(Scraped caption text data)
=== Section Start ===
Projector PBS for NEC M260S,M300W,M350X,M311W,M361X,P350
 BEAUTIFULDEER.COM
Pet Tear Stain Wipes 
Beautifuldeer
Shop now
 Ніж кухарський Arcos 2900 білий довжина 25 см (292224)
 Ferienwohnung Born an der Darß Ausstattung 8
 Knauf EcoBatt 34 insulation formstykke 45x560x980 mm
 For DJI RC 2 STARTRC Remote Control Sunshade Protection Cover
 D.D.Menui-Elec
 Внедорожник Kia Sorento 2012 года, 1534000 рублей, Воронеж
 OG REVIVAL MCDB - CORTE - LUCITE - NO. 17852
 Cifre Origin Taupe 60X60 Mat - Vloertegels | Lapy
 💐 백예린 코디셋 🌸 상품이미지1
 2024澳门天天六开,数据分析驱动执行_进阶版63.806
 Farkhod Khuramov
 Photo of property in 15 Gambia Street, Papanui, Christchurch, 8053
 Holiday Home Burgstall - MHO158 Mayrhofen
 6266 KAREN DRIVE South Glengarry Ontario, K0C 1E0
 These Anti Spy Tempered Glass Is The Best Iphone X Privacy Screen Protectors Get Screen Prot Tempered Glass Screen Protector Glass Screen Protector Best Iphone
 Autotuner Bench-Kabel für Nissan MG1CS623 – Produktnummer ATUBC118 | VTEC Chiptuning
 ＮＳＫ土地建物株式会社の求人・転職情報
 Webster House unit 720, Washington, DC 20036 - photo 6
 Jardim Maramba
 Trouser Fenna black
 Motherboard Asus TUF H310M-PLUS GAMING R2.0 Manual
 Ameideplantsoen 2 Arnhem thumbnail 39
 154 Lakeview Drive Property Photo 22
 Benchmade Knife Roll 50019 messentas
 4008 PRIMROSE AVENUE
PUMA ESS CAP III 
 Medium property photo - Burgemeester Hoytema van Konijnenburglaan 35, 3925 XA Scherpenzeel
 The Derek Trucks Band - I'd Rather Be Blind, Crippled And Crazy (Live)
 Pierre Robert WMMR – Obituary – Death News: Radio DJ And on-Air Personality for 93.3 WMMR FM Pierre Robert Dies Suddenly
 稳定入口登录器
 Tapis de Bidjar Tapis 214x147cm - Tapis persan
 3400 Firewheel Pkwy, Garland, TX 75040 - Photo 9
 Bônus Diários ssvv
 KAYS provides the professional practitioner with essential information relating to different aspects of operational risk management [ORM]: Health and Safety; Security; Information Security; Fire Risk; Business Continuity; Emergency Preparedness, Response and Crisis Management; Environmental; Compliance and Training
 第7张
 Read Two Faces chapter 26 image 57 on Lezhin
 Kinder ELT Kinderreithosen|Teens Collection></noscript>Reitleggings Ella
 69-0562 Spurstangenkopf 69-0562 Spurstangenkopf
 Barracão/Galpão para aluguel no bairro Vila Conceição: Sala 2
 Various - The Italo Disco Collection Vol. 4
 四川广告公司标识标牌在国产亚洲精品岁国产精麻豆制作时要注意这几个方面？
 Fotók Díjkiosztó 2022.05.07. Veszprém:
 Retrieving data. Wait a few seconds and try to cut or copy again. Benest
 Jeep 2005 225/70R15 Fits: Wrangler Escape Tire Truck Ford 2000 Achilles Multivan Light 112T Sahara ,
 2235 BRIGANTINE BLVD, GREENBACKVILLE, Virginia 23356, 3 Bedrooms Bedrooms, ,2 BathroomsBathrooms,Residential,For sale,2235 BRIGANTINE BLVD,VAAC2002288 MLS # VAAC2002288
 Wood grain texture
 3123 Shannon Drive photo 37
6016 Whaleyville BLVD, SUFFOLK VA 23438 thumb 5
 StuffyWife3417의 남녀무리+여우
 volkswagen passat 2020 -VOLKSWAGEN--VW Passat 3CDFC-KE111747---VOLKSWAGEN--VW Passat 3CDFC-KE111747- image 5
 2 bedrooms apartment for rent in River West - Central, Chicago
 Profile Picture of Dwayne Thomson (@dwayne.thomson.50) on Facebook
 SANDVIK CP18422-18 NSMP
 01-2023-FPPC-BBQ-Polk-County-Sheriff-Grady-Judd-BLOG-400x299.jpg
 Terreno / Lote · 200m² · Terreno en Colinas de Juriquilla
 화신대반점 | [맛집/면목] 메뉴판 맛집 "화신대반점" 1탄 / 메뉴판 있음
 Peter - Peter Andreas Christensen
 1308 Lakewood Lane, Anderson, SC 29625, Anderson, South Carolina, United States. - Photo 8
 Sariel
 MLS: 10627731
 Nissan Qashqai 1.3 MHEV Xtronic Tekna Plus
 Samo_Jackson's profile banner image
=== Section End ===
● WHAT IS EXPECTED:
Reproduce, word for word and in full, only the lines above that start at the line with "The Derek Trucks" and run through the line with "Profile Picture of", both ends included.

● RESPONSE TO THIS TASK:
 The Derek Trucks Band - I'd Rather Be Blind, Crippled And Crazy (Live)
 Pierre Robert WMMR – Obituary – Death News: Radio DJ And on-Air Personality for 93.3 WMMR FM Pierre Robert Dies Suddenly
 稳定入口登录器
 Tapis de Bidjar Tapis 214x147cm - Tapis persan
 3400 Firewheel Pkwy, Garland, TX 75040 - Photo 9
 Bônus Diários ssvv
 KAYS provides the professional practitioner with essential information relating to different aspects of operational risk management [ORM]: Health and Safety; Security; Information Security; Fire Risk; Business Continuity; Emergency Preparedness, Response and Crisis Management; Environmental; Compliance and Training
 第7张
 Read Two Faces chapter 26 image 57 on Lezhin
 Kinder ELT Kinderreithosen|Teens Collection></noscript>Reitleggings Ella
 69-0562 Spurstangenkopf 69-0562 Spurstangenkopf
 Barracão/Galpão para aluguel no bairro Vila Conceição: Sala 2
 Various - The Italo Disco Collection Vol. 4
 四川广告公司标识标牌在国产亚洲精品岁国产精麻豆制作时要注意这几个方面？
 Fotók Díjkiosztó 2022.05.07. Veszprém:
 Retrieving data. Wait a few seconds and try to cut or copy again. Benest
 Jeep 2005 225/70R15 Fits: Wrangler Escape Tire Truck Ford 2000 Achilles Multivan Light 112T Sahara ,
 2235 BRIGANTINE BLVD, GREENBACKVILLE, Virginia 23356, 3 Bedrooms Bedrooms, ,2 BathroomsBathrooms,Residential,For sale,2235 BRIGANTINE BLVD,VAAC2002288 MLS # VAAC2002288
 Wood grain texture
 3123 Shannon Drive photo 37
6016 Whaleyville BLVD, SUFFOLK VA 23438 thumb 5
 StuffyWife3417의 남녀무리+여우
 volkswagen passat 2020 -VOLKSWAGEN--VW Passat 3CDFC-KE111747---VOLKSWAGEN--VW Passat 3CDFC-KE111747- image 5
 2 bedrooms apartment for rent in River West - Central, Chicago
 Profile Picture of Dwayne Thomson (@dwayne.thomson.50) on Facebook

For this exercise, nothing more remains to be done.